Scientists have been predicting that a growing demand for meat and dairy products will lead to more deforestation, which will increase the harmful carbon dioxide released into the atmosphere as pastures are expanded and more land is devoted to sowing crops to feed the burgeoning population of animals reared for their meat and dairy products.
More animals will also mean rising emissions of warming gases such as methane directly from the livestock, and nitrous oxide from the fertilisers, manure and other animal waste. Both these gases are extremely harmful as their capacity to warm the atmosphere is far greater than carbon dioxide.
“The problem is that today’s crop and livestock systems are very ‘leaky,’” G.V. Subbarao, a senior scientist with the Japan International Center for Agricultural Sciences (JIRCAS0), was quoted as saying by the congress organisers' press release. “About 70 percent of the 150 million tons of nitrogen fertilizer applied globally is lost through nitrate leaching and nitrous oxide emissions; the lost fertilizer has an annual estimated value of US$90 billion.”
Secrets in the grass
But evidence has been mounting that a chemical mechanism operating in the roots of a tropical grass used for livestock feed holds enormous promise for reducing the emission of nitrous oxide, which has a global warming potential 296 times that of carbon dioxide and is the most harmful of the warming gases.

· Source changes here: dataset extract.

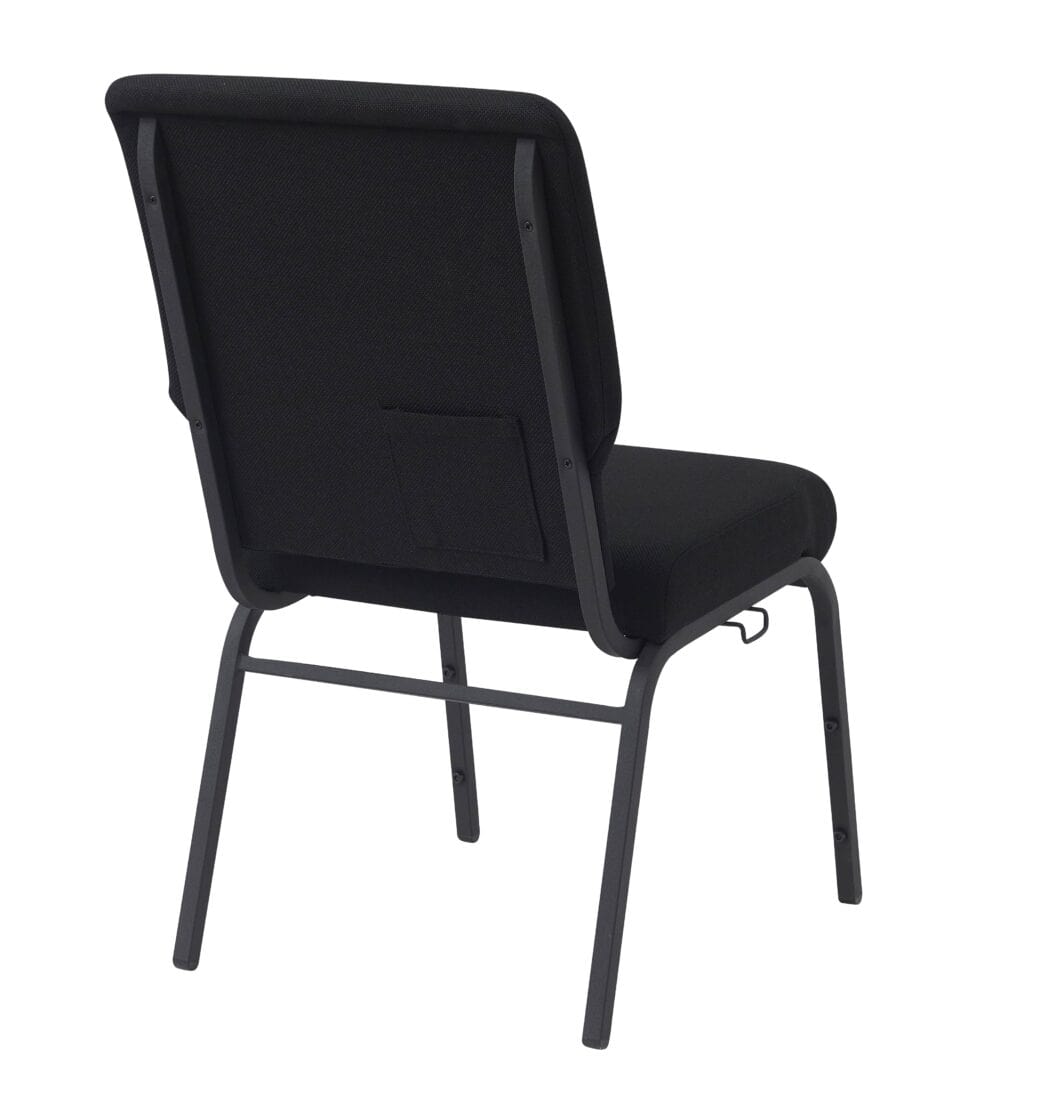 Chivari Black Fabric Church Chair with Cut-Away Back 18.5" Wide Black Steel Frame CH18BB-ZF-T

The mechanism is known as “biological nitrification inhibition”, or BNI, said Michael Peters, who leads research on forages at the International Center for Tropical Agriculture (CIAT), based in Colombia. CIAT is a member of the Consultative Group on International Agricultural Research (CGIAR) Consortium.
Peters told IRIN the grass belongs to the Brachiaria species commonly found in east and central Africa and is native to the region. Animals that consume the grass produce higher yields of milk and their manure emits smaller amounts of nitrous oxide.
CIAT scientists have also found that a maize crop grown after planting a certain type of Brachiaria grass produces a respectable yield while using only half the usual amount of nitrogen fertilizer, because more nitrogen was retained in the soil, thus reducing nitrous oxide emissions and nitrate leaching. According to the UN Food and Agriculture Organisation (FAO), the livestock sector accounts for 65 percent of the nitrous oxide emitted.
The extent to which the Brachiarias could reduce emissions in the case of crops and livestock “depends… on fertilizer applied”. But “BNI leads both to suppression of nitrification and reduced nitrous oxide emissions by 30 to 50 percent in pastures,” Peters said.
“Our work on BNI started with a field observation made by one of our scientists in the 1980s - back then it was nothing more than a dream,” said Peters. “But now it’s a dream with an action plan and solid scientific achievements behind it.”
There is no data yet on the specific reduction of nitrous oxide emissions delivered by planting the grasses ahead of crops such as maize. BNI research forms part of a larger initiative referred to as LivestockPlus, which aims to provide major benefits for the poor and the environment through innovative research on tropical forage grasses and legumes.
Other research has shown that deep-rooted, productive Brachiaria grasses can capture atmospheric carbon on a scale similar to that of tropical forests, and could be a further plus for climate change mitigation.
“Livestock production provides livelihoods for a billion people, but it also contributes about half of agriculture’s greenhouse gas emissions,” Peters explained. “BNI is a rare triple-win technology that’s good for rural livelihoods as well as the global environment and climate. It defies the widespread notion that livestock are necessarily in the minus column of any food security and environmental calculation.”
Mitigating in countries that matter
Though Brachiaria grasses originated in Africa they are now planted more widely in South America. Peters told IRIN that breeding lines produced by CIAT have been brought back to Africa but currently cover no more than 10,000 hectares and involve only a few thousand farmers.
Africa accounts for a small proportion of greenhouse gas emissions, including those from the agricultural sector, while developed countries like the USA and emerging economies in Asia, where agriculture is practised on a far bigger scale, are responsible for far greater emissions.
Peters says Brachiaria have a good adaptation potential over a wide range of environments, as long as they are tropical. “This can include southern USA and many parts of tropical Asia. In general, Brachiarias are easy to manage but improved management increases performance. They are good pasture grasses and therefore spread easily.'
Eminent scientists like Peter Thornton from the International Livestock Research Institute have also been calling for regulations for better management of animal waste in the developing world, which could reduce the emission of nitrous oxide.